Le second poste le plus prenant fut celui de Déléguée à la Chancellerie. Dieu, quelle expérience ! Quelle révélation ! En Languedoc, il existait un poste de conseiller dédié à la communication entre le Conseil et la Chancellerie. Il faut savoir que la Chancellerie est dirigée par un Grand Chambellan qui n'appartient pas au Conseil. Par la suite, le poste de Délégué à la Chancellerie a été supprimé, pour des raisons que j'expliquerai surement plus tard.
J'aime la diplomatie, éperdument.
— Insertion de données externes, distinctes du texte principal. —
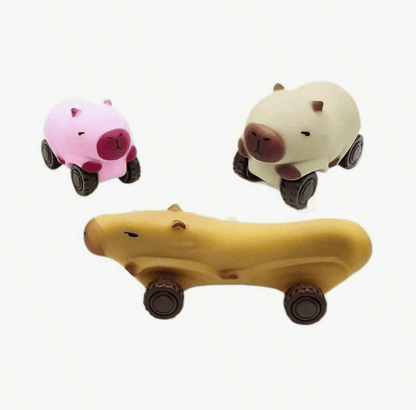 Stretchy Capybara Animal Wheeled Toy (Each) - DMC Wholesale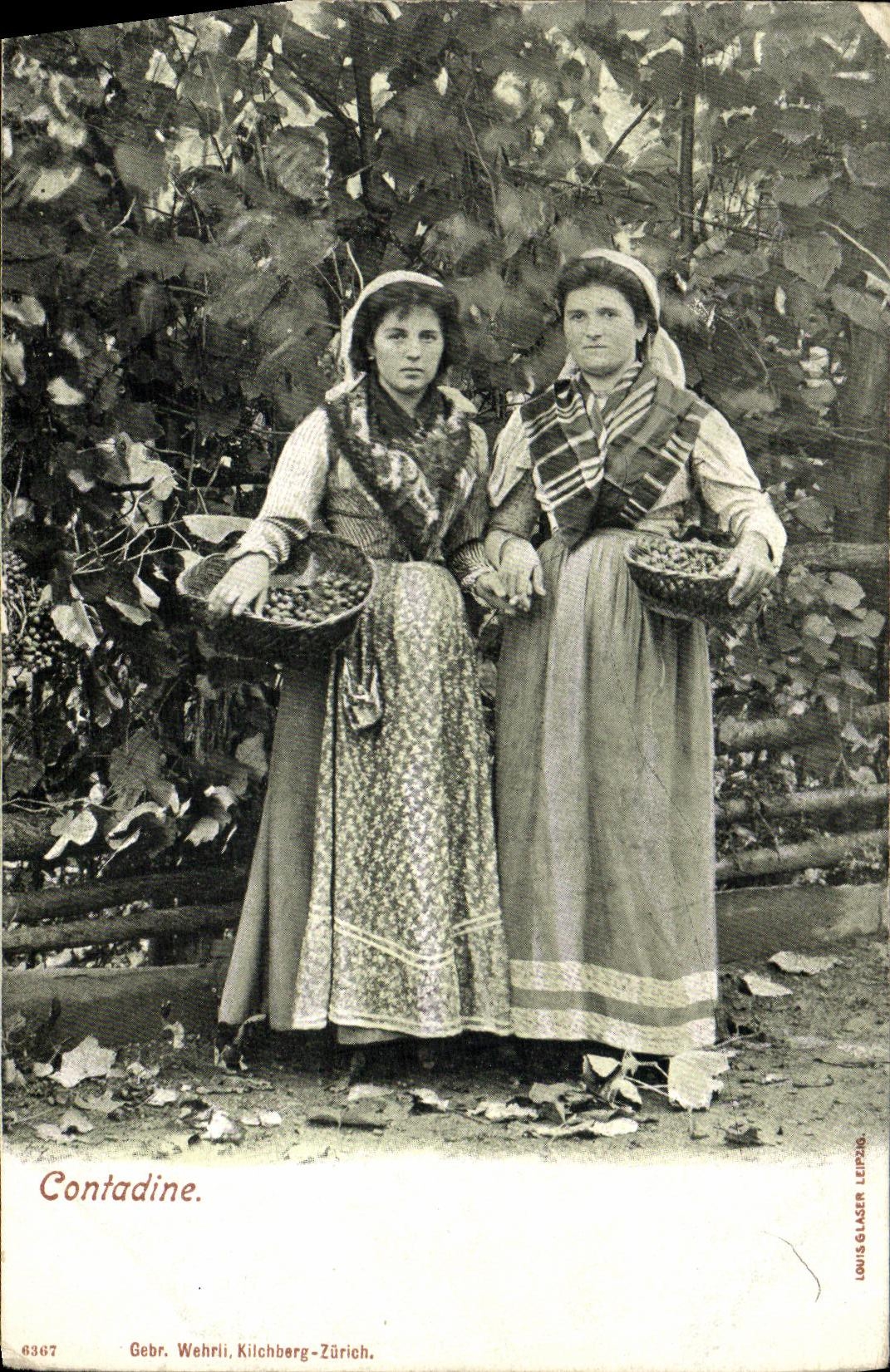 CPA Contadine Femmes Folklore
Cette expérience m'a ouvert un univers dans lequel je me sens tellement à l'aise qu'il m'est désormais impossible d'imaginer ne pas y appartenir. Je pourrais parler des heures durant des passionnantes discussions sur les traités, des rencontres et des nouvelles têtes, de l'ouverture infinie sur le monde que m'offrait Melgueil. Ma plus grande victoire, durant ce mandat, fut de parvenir à faire enfin signer un traité de coopération judiciaire avec le Rouergue, traité qui avait été jusque là refusé à maintes reprises. J'aurai bientôt l'opportunité de travailler sur sa refonte, d'ailleurs.
Durant cette période, j'eu le plaisir de faire connaissance avec le Grand Chambellan, Pachillou. Il avait aussi été des démissionnaires durant les élections, et j'avoue que j'avais peur de son mépris : pourtant, ce fut les bras et le coeur grands ouverts qu'il m'accueillit et me guida. Je lui dois tant...

Enfin, le troisième et dernier poste fut celui de Conseiller aux cultes. Ce poste a aujourd'hui disparu, et je le déplore fortement. Il me paraît absolument nécessaire qu'il existe un pont entre le temporel et l'intemporel, afin que le peuple soit guidé dans le respect des préceptes aristotéliciens, avec bonté et amour, avec générosité et sagesse. Durant ce mandat, j'eu l'honneur de cotoyer Son Altesse Ingeburge, qui fut mon interlocutrice pour la rédaction du tant attendu traité entre le Languedoc et les Saintes Armées, ainsi que Monseigneur Rehael. Si ce traité fut signé au mandat suivant en ma présence, j'ai la prétention de croire qu'il fit sa plus grande avancée à ce moment là. En effet, il n'y avait pas eu de conseiller aux cultes depuis des lustres lorsque je repris la fonction, et l'Eglise me fit bien comprendre combien grande était son impatience et sa colère face à cet inexplicable retard. La diplomatie me fut d'un très grand secours, je l'avoue, et je ne suis pas peu fière des compliments qui me furent accordés lors de la conclusion de ces négociations.

Il me reste encore a traiter la partie la plus importante de ce mandat, mon rôle de Conseiller et mon expérience du conseil, mais hélas le temps presse car je dois bientôt quitter Montpellier pour prendre la route. Peut-être pourrais-je rédiger quelques lignes lors d'une étape.